John McKimm, President, CEO and CIO of SEB stated “For the past 20 months, SEB has been positioning itself as a technology company with its major focus being the employee group benefits and health claims processing market place. Industry statistics describe the Canadian group benefits industry as a $33 billion market opportunity and other health claims processing at over $23 billion annually. SEB is building an organization made up of three pillars; Health Care Solutions & Services, Software Solutions and Services and Professional Services, whereby the latter two pillars are complementary to and supportive of the Health Care pillar.

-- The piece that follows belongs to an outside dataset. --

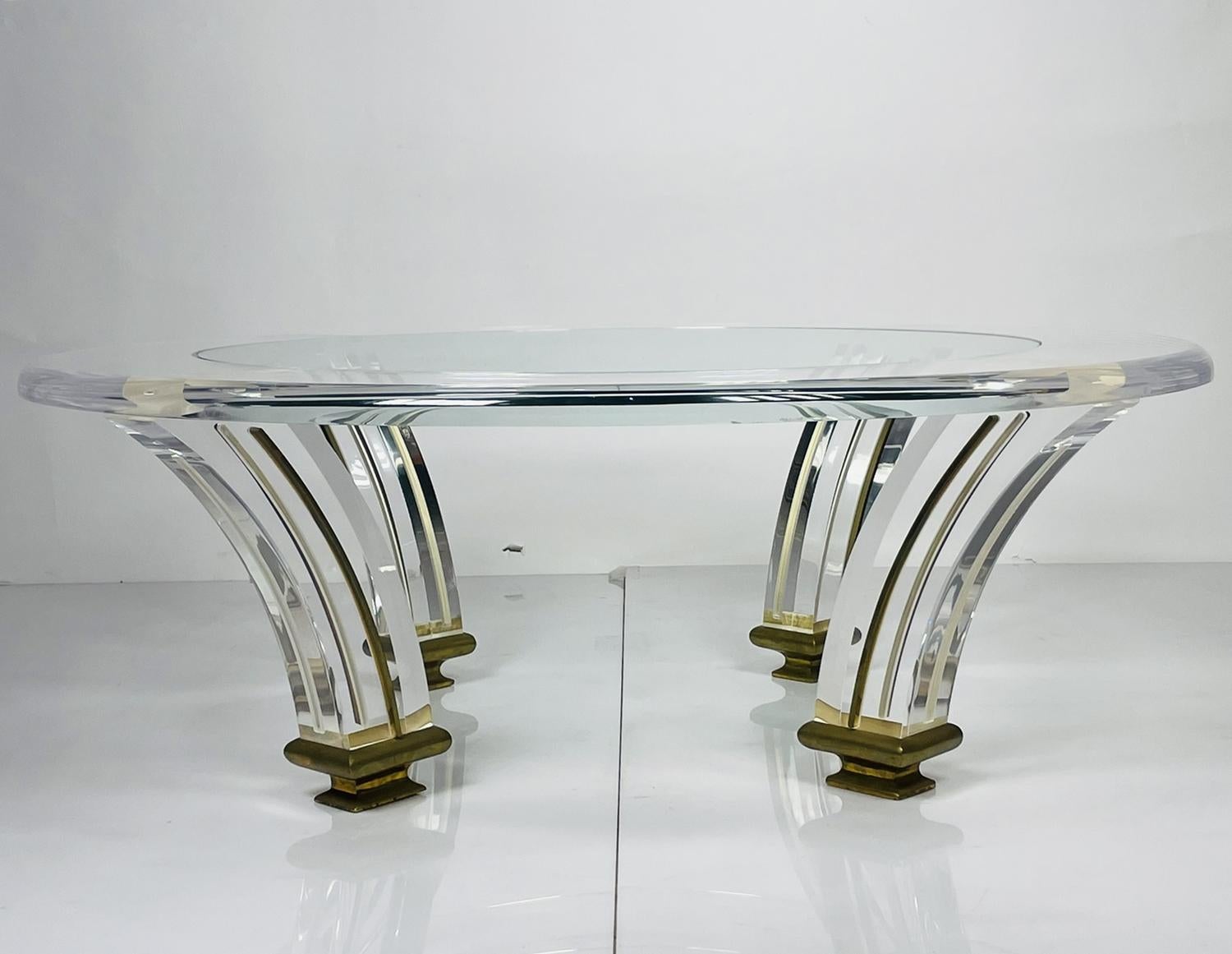 Vintage Lucite & Brass Coffee Table For Sale 9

“The initial growth plan for 2013 is acquisition with the objective of reaching consolidated profitability quickly and establishing a solid base of business and clients from which to launch organic growth initiatives. In the past 60 days, SEB has closed two acquisitions and announced a third. These transactions bring both a solid profitable client base and expanded technology operations and infrastructure in both Toronto and Ottawa. These are major centres of growth targeted by SEB.”
SEB has spent the past 20 months automating the administration, payment processing and reporting environment around an already-proven adjudication environment. SEB has a development team in Canada and also uses offshore resources to continue to enhance the automation and integration.

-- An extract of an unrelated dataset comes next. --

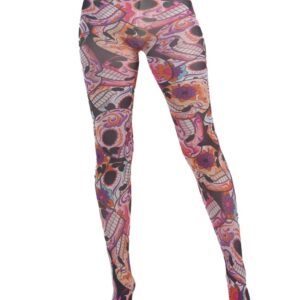 mandala skull printed tights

SEB is a licensed third party administrator (“TPA”) and broker. Its business model is to create client referral opportunities through acquisition of and investment in other TPAs, brokers and consultants. The opportunity for SEB is to increase the capture of revenue by providing fully integrated services and solutions, currently being outsourced by most TPAs and Insurers to third parties.
Since November 30, 2012, SEB has announced the closing of Logitek Technology Ltd. and the SOMOS Group and two financings, a convertible note issue of $554,000 and an equity issue of $1,106,000. Both of the acquired companies have a history of profitability and combined revenues of the two companies exceeded $11 million in 2011.
For the 14 month period ending November 30, 2012, SEB recorded a loss of $4,221,765, which included non-cash costs of $1,750,317, made up of a Listing Adjustment related to the closing of the RTO of $841,238, a Stock-based compensation cost of $318,768 for options and warrants issued during the quarter, accretion of non-cash interest and bonus shares totaling $437,652 related to the Convertible Financing, and amortization of $66,495. Of the other costs the largest was Salaries and other compensation costs of $1,286,887 (the largest portion of which was related to software development and maintenance); the next was Professional Fees of $570,763, much of which was related to the costs of closing of the RTO and financings and acquisitions.
The consolidated financial statements and related MD&A for the period ended November 30, 2012, can be found on SEDAR at www.sedar.com under the profile of Smart Employee Benefits Inc.